I love my professions.

But there's a peculiar stage for me, it is one that I've always found a little less enjoyable overall; at least I did in the past (I'll tell you why in a moment). I refer to the stage of finalization as mental drain, mainly because by defining any project, regardless of the size you are forced to become a juggler. Keeping everything up in the air, spinning, hoping that nobody adds a chainsaw.

There are different stages with any project. And it is made up of a beginning, a middle, and an end. Of curse this is the chronology of any project. Regardless of the industry or scale. When you bake a pie you acquire the ingredients based on your recipe. In the early stages of a architectural project, the research process is quite specific; that is, we know clearly what we are going to design a specific building, this can be as simple as a house, if it is a house this will guide my research toward specific homes; if we are going to design an office tower or complex, research is limited to offices, if the project is to design a shopping mall, well then our team researches malls, and so on; it is a stage that requires clear and definite research limited to the specific scope of the project, in which the steps to be taken are quite clear and well defined.
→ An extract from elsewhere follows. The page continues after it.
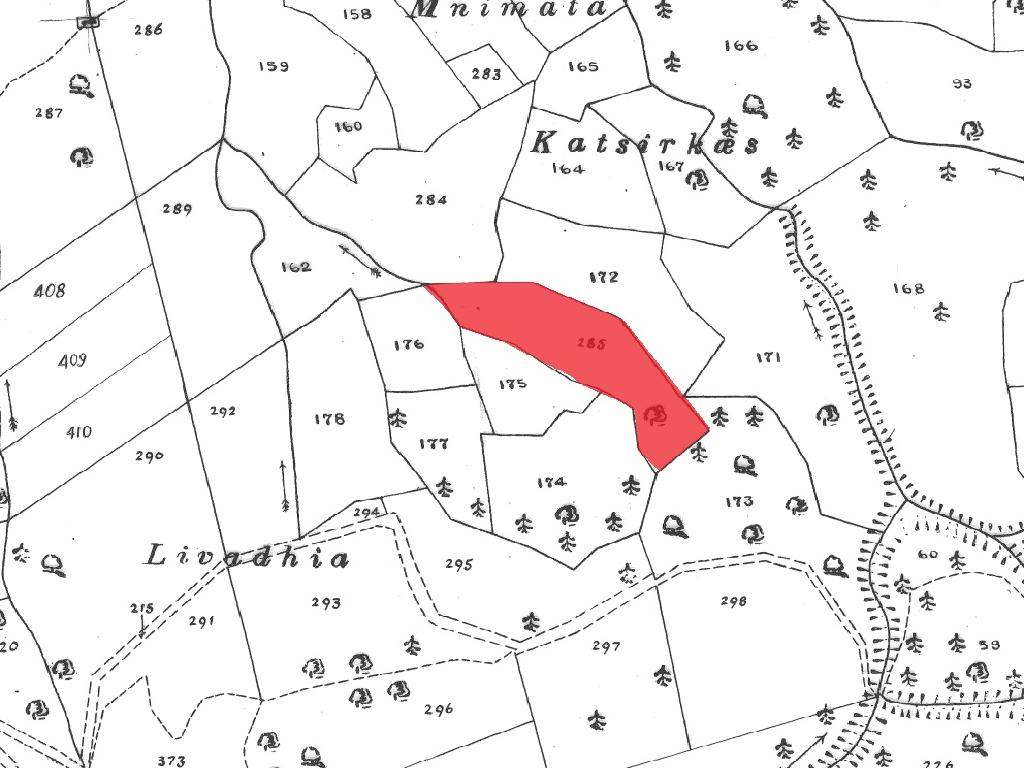 Field - Prastio, Paphos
That, of course, added to the subjective research that arises when analyzing what the client wants and needs for the specific project.
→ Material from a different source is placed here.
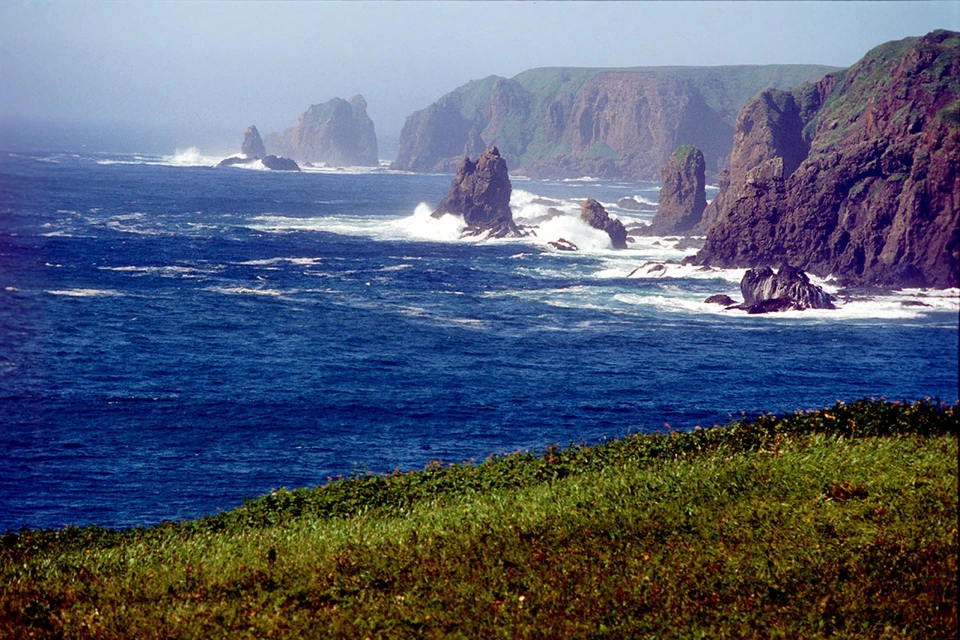 Очередную «сенсацию» про остров Шикотан и архипелаг Хабомаи выдал NHK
On the other hand, when I have to start defining the various aspects of a project. The actual ingredients that make up a specific recipe; materials, finishes and architectural products, everything has a tendency to quickly loose that sharp focus that the project's start once had. There are many specific aspects that need to be kept in focus, each a subject of broad research that we need to investigate, besides the fact that we must be updated on the status of each individual aspect of the project going forward, since the trends in the design change continuously, which begins to weave an intricate network of elements together, that snake through my head, depending on the complexity of the project, this tapestry may end up collapsing if I am not mindful of the many pieces that go into completion. I guess that's why I studied architecture in the first place, for a sense of challenge. (On a side note: Architecture took hold of me through my fascination with ancient Rome.)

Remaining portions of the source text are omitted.